Many people in Hanoi were thrilled when attending a cultural event called “Dó bay” or says “Drifting Poonah paper” held recently at a book house on Nguyen Thai Hoc street in the capital city.
They had a chance to participate in a wide range of activities on poonah paper, from talk shows, exhibitions to hands-on ones like drawing, making hand fans with the paper, etc.
Giang Nguyet Dinh, a junior at Hanoi University of Culture, has been practicing calligraphy for five years. He is now writing the most beautiful calligraphic words on poonah paper as small gifts to event goers.
Despite his humble manner, anyone seeing him may be attracted by his knowledge and love for cultural values.
“As far as I know, poonah paper used to be commonly applied in daily life back to the past. It was used for royal documents and family trees, etc. So it was essential back then,” Dinh said.
Kids to the events can also find their own corner of joy where they can make their own paintings, paper fans and handmade bracelet with pieces of poonah paper.

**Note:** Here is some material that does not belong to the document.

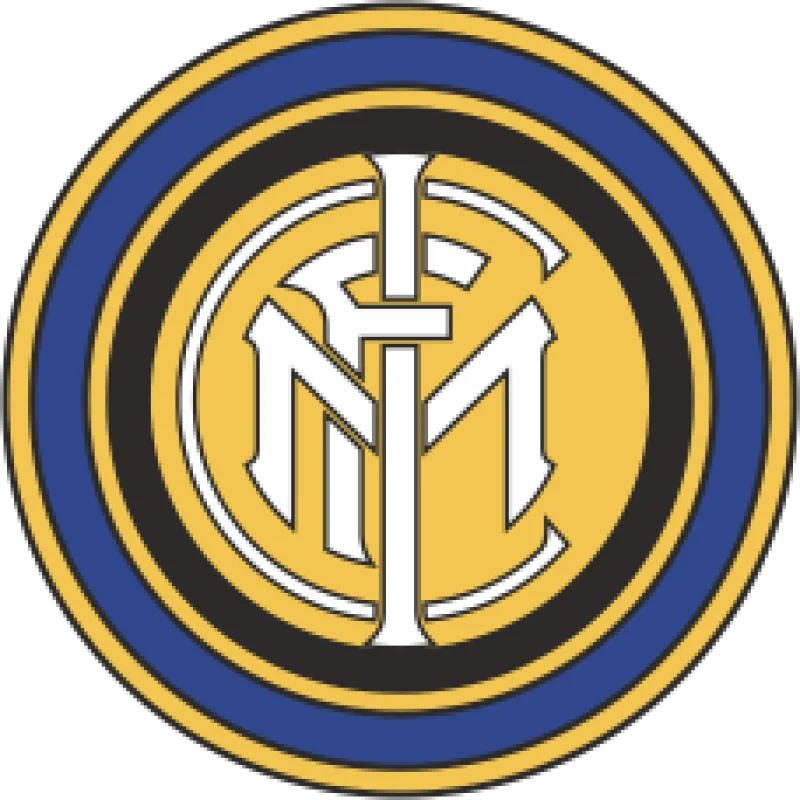 Inter Miláno - Inter Milan nálepka 10 x 10 cm - SKLADOM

At another corner, vibrant products from Zó project which also works on preserving and promoting poonah paper, and tools for making poonah paper also dazzle visitors.
Through the mini-exhibition, visitors have an in-depth insight in the creation, development and application of the paper in society.

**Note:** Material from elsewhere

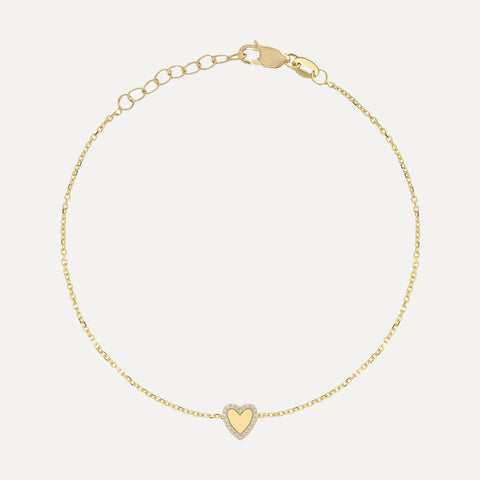 Mini Mini Heart Necklace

The event was initiated by Nguyen Thi Trang, a student at Academy of Journalism and Communication.
“What I want to showcase is a comparison between poonah paper in the past and for the time being,” said Trang. “So we combine traditional paintings, calligraphy and modern stuff made from poonah paper. We want to deliver a message of preserving poonah paper among youngsters,” she added.
Many people may find it hard to believe the one-day event was held by students. It shows their great love toward cultural values, proving that many Vietnamese youngsters will no way turn their back to history and traditions.
“There were times Dong Ho paintings threatened to fall into oblivion. So today I’m so happy that these young fellows inviting me to the event,” said Nguyen Thi Oanh, an artisan in making Dong Ho paintings.